Give the records below again, exactly as they appear.

━━━━━━━━━━

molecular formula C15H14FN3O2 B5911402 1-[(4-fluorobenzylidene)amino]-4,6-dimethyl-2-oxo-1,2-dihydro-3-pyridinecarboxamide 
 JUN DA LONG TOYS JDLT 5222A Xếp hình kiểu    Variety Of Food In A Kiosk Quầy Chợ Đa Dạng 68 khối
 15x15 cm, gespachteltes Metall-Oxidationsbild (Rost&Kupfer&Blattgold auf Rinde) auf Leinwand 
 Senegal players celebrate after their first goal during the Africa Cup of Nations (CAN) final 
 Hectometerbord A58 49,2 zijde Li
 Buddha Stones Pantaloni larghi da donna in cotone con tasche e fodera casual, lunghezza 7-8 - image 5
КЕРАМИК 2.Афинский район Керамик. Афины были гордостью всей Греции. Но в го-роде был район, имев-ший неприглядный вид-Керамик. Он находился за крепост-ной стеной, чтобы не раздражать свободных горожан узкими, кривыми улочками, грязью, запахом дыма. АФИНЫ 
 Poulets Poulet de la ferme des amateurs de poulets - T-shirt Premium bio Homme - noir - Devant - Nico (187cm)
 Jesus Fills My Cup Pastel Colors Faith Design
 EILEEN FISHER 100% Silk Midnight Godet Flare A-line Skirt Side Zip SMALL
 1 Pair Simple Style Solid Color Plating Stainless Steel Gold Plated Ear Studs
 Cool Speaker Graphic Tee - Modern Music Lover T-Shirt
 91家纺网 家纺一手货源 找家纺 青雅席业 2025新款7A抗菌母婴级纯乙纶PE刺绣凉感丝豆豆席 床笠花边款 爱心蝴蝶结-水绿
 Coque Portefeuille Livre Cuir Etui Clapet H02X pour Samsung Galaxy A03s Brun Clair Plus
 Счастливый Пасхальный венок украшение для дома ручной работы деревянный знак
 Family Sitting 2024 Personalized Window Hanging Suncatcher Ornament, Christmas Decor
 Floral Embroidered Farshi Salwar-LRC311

━━━━━━━━━━

Completed task:
molecular formula C15H14FN3O2 B5911402 1-[(4-fluorobenzylidene)amino]-4,6-dimethyl-2-oxo-1,2-dihydro-3-pyridinecarboxamide 
 JUN DA LONG TOYS JDLT 5222A Xếp hình kiểu    Variety Of Food In A Kiosk Quầy Chợ Đa Dạng 68 khối
 15x15 cm, gespachteltes Metall-Oxidationsbild (Rost&Kupfer&Blattgold auf Rinde) auf Leinwand 
 Senegal players celebrate after their first goal during the Africa Cup of Nations (CAN) final 
 Hectometerbord A58 49,2 zijde Li
 Buddha Stones Pantaloni larghi da donna in cotone con tasche e fodera casual, lunghezza 7-8 - image 5
КЕРАМИК 2.Афинский район Керамик. Афины были гордостью всей Греции. Но в го-роде был район, имев-ший неприглядный вид-Керамик. Он находился за крепост-ной стеной, чтобы не раздражать свободных горожан узкими, кривыми улочками, грязью, запахом дыма. АФИНЫ 
 Poulets Poulet de la ferme des amateurs de poulets - T-shirt Premium bio Homme - noir - Devant - Nico (187cm)
 Jesus Fills My Cup Pastel Colors Faith Design
 EILEEN FISHER 100% Silk Midnight Godet Flare A-line Skirt Side Zip SMALL
 1 Pair Simple Style Solid Color Plating Stainless Steel Gold Plated Ear Studs
 Cool Speaker Graphic Tee - Modern Music Lover T-Shirt
 91家纺网 家纺一手货源 找家纺 青雅席业 2025新款7A抗菌母婴级纯乙纶PE刺绣凉感丝豆豆席 床笠花边款 爱心蝴蝶结-水绿
 Coque Portefeuille Livre Cuir Etui Clapet H02X pour Samsung Galaxy A03s Brun Clair Plus
 Счастливый Пасхальный венок украшение для дома ручной работы деревянный знак
 Family Sitting 2024 Personalized Window Hanging Suncatcher Ornament, Christmas Decor
 Floral Embroidered Farshi Salwar-LRC311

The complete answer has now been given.